Purdue University’s study, “Fit for Purpose? Deepfake Detection in the Real World” (October 2025), evaluated 24 detection systems across commercial, government, and academic providers.

In that head-to-head, Deepsight achieved best-in-class results among commercial tools on a real-world social-media dataset: lowest false-acceptance rate (FAR) on images (2.56%) and the best video accuracy among commercial tools (77.27%), with video FAR at 10.53%, a rare balance of catch rate and precision that minimizes false positives and operational friction.

Shu Hu, assistant professor and Director of the Purdue Machine Learning and Media Forensics (M2) Lab, summarised the outcome: Incode’s detector achieved the highest accuracy in identifying fake samples, suggesting “stronger robustness and reliability” in challenging real-world scenarios.

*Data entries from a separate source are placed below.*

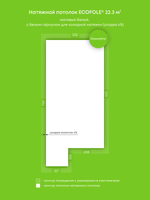 Натяжные потолки 22.3 м2, 7.6 м2, 9.9 м2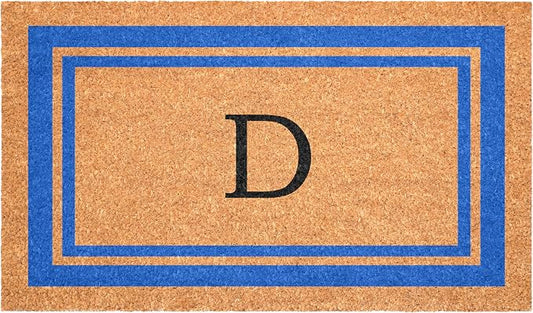 Calloway Mills 152971830D Blue Border 18" x 30" Monogram Doormat by Callowaymills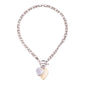 Rhodium Silver & Gold Heart T-Bar Necklace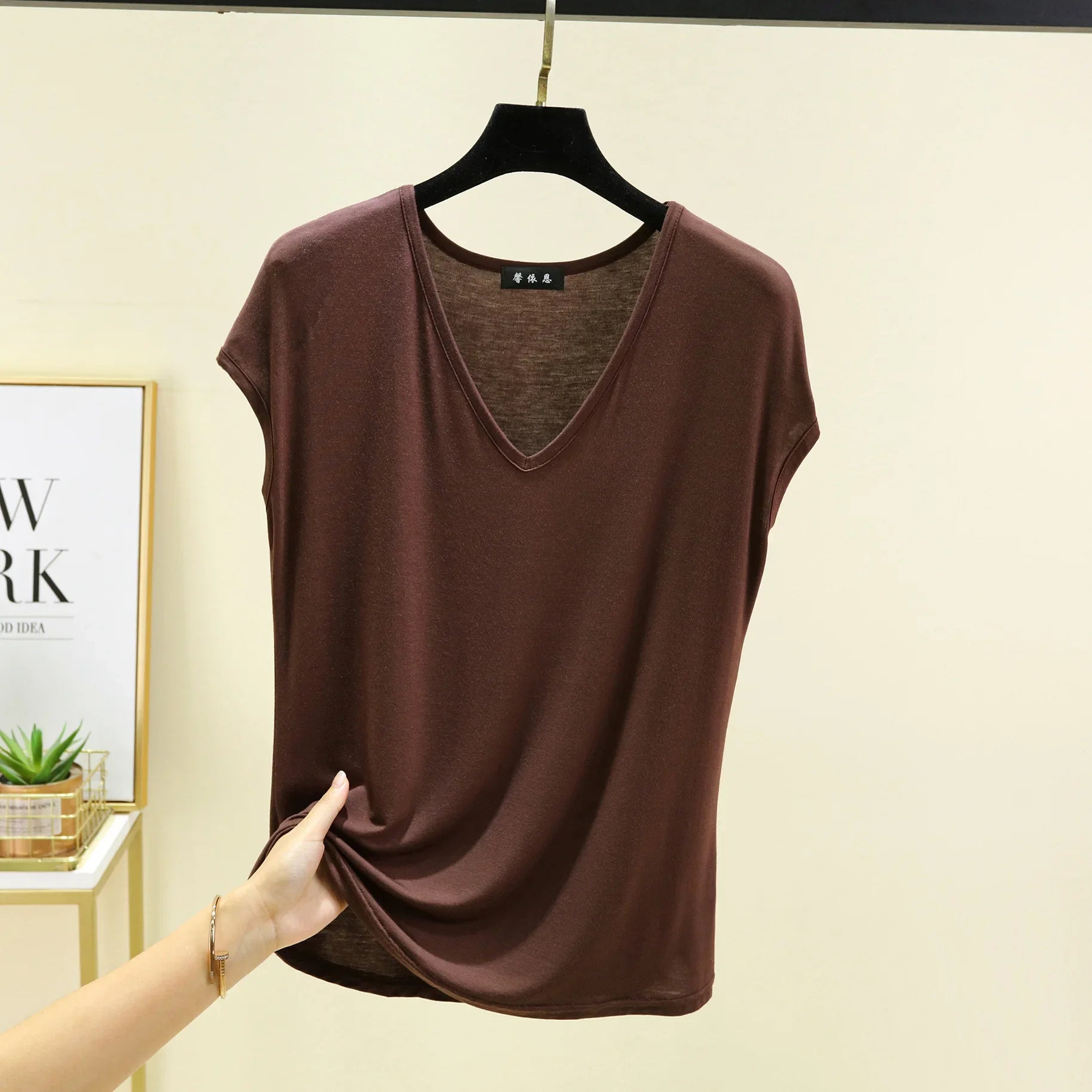 Modal V-Neck Tank Tops summer women's T-shirts sleeveless Plus size Thin Casual Loose Tee tops All match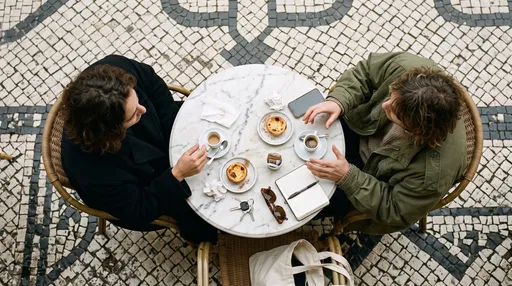 Friends Sharing Espresso and Tarts in Lisbon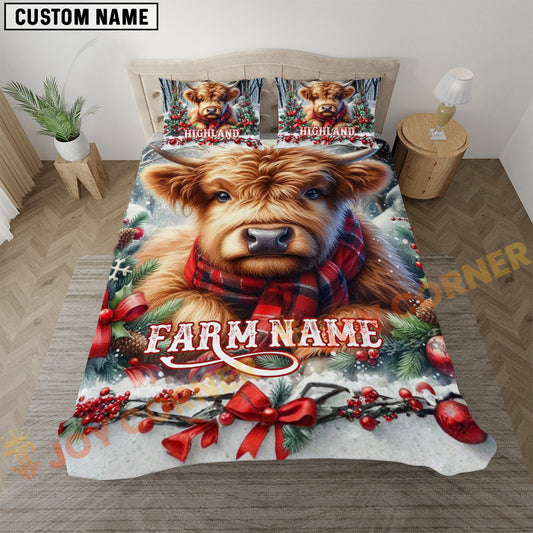 Joycorners Highland Christmas Cow Personalized Name Cozy Bedding set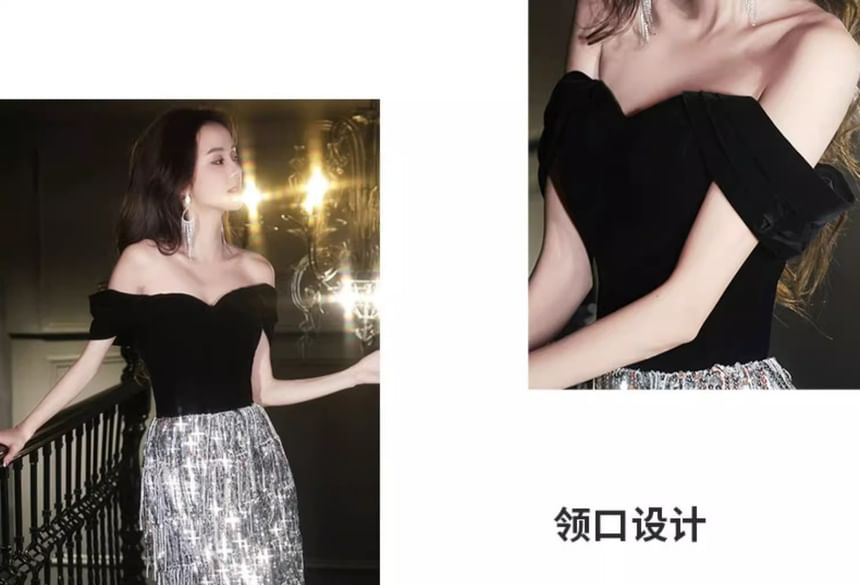 A-Line Velvet Tasseled Off-Shoulder Sequined Evening Gown Panel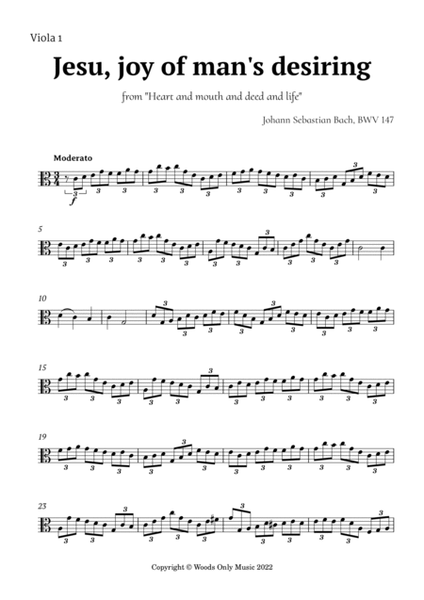 Jesu, joy of man's desiring by Bach for Viola Quartet image number null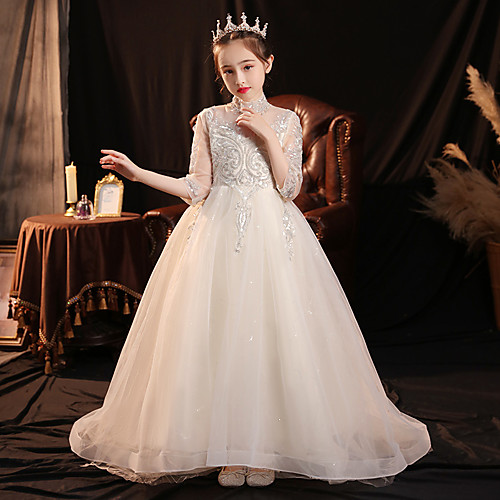 

Princess Sweep / Brush Train Flower Girl Dresses Party Lace 3/4 Length Sleeve High Neck with Paillette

These kinds of precision metrics matter operationally. Lower false acceptance reduces the chance a deepfake slips through. Lower false alarms reduce friction, abandonment, and unnecessary escalations.

Proven beyond the benchmark: performance in live identity verification

Independent studies provide useful context, but operators ultimately care about performance in production.

In internal testing, Deepsight was 10 times more accurate than trained human reviewers. In identity verification-focused real-world sessions, Deepsight has demonstrated a 68x lower false-acceptable rate than the next-best commercial solution.

Measured across 1.4M real-world sessions in H2 2025, Deepsight caught 24,360 additional fraudulent sessions - a meaningful reduction in fraud that other systems or manual review would not have identified.

Why enterprises are treating deepfakes as a near-term operational risk

Deepfake fraud is no longer a distant scenario. It is becoming a planning and resourcing problem.

Experian, one of the world’s leading data and technology companies, partners with Incode to bring Deepsight into its identity and fraud solutions. As highlighted in Experian’s 2025 Identity and Fraud report, 72% of business leaders expect AI-generated fraud, including deepfakes, to be a top operational challenge by 2026.

The Arup incident showed what one well-executed deepfake can do inside a normal workflow. The next phase is about repeatability - deepfakes as a standard layer in social engineering, accelerated by cheaper tools and easier delivery.

That reality changes what “good” defence looks like. It is no longer enough to rely on a single liveness check or to assume human judgment will catch what machines can generate.

Multi-layer protection is becoming a requirement. Systems need to validate session integrity, not just media quality - and they need to do it quickly, with calibrated precision, so genuine users keep moving.

As Amper put it: “When identity can be faked, everything breaks.” The organisations that respond effectively will be the ones that treat audio, video, and verification sessions as potentially adversarial inputs, and deploy layered controls built to keep pace with evolving synthetic media.